[Crawled caption data]
· · · · · · ·

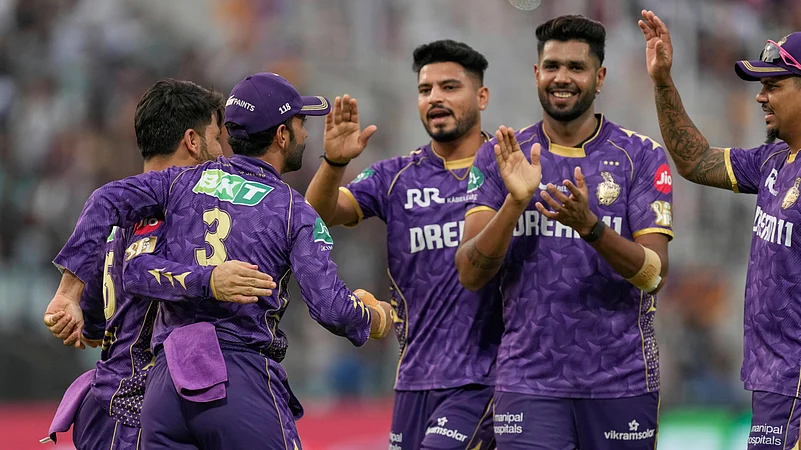 Kolkata Knight Riders captain Ajinkya Rahane, left, celebrates with teammates. AP
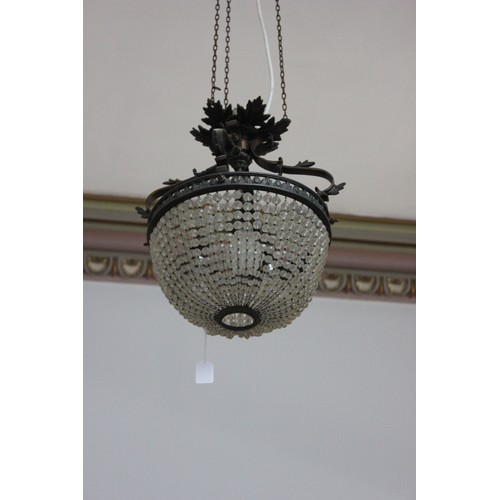 13 - A decorative metal and basket form chandelier, with three internal branches.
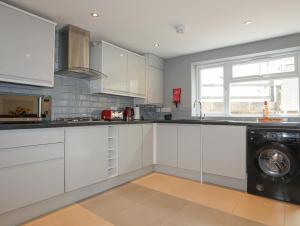 カーナーヴォンにある43 Hyfrydle Roadのキッチン(白いキャビネット、洗濯機、乾燥機付)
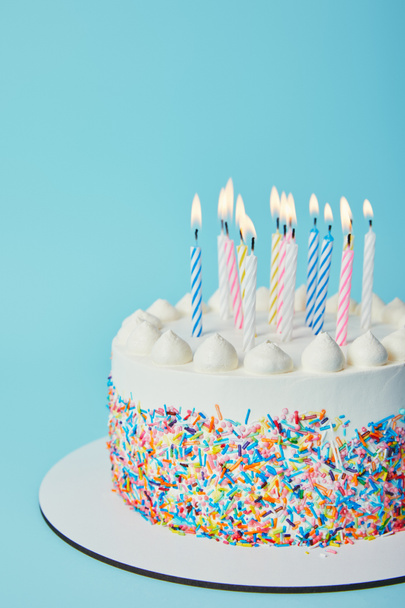 Birthday cake with lighting candles on blue background - Fotoğraf, Görsel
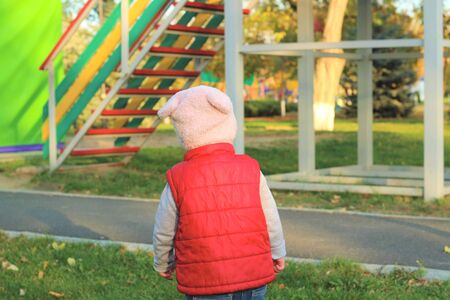 A small child in a fluffy pink hat and red vest is running in the autumn park. Beautiful fall sunny day outdoors.の写真素材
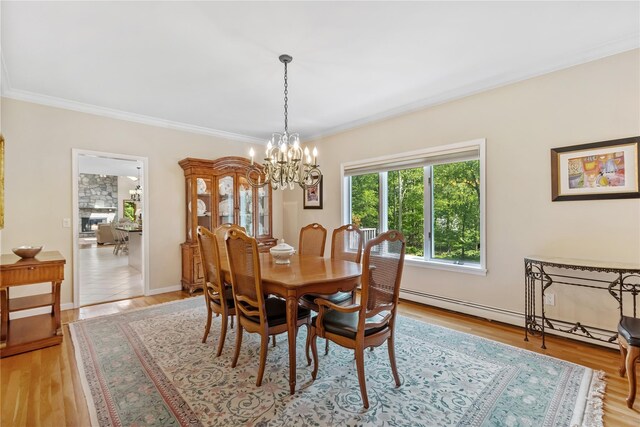 47 Londonderry Ln, Somers, NY 10589 - dining space featuring a chandelier, ornamental molding, light wood-style flooring, a baseboard heating unit, and baseboards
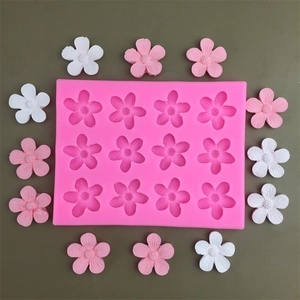 Pink silicone mold with 12 flower cavities and finished white and pink resin flowers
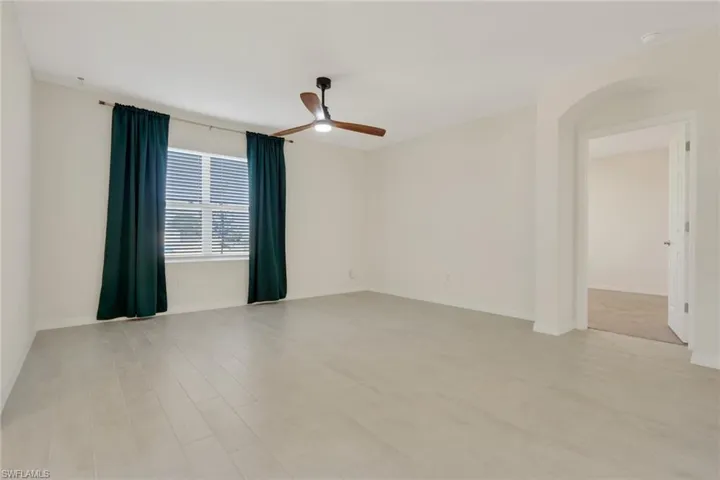 Empty room featuring a ceiling fan and light wood finished floors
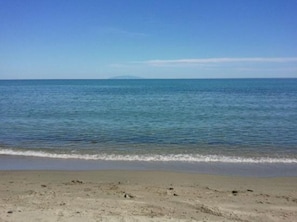 A beach with a clear view of the ocean and a distant mountain.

· · · · · · ·

# EXERCISE GOAL
Set down exactly and only the lines from the line that contains "Pink silicone mold" through the last line of the entries above, with both of those lines included and the pictures left out.

# EXERCISE RESPONSE
 Pink silicone mold with 12 flower cavities and finished white and pink resin flowers
 Empty room featuring a ceiling fan and light wood finished floors
 A beach with a clear view of the ocean and a distant mountain.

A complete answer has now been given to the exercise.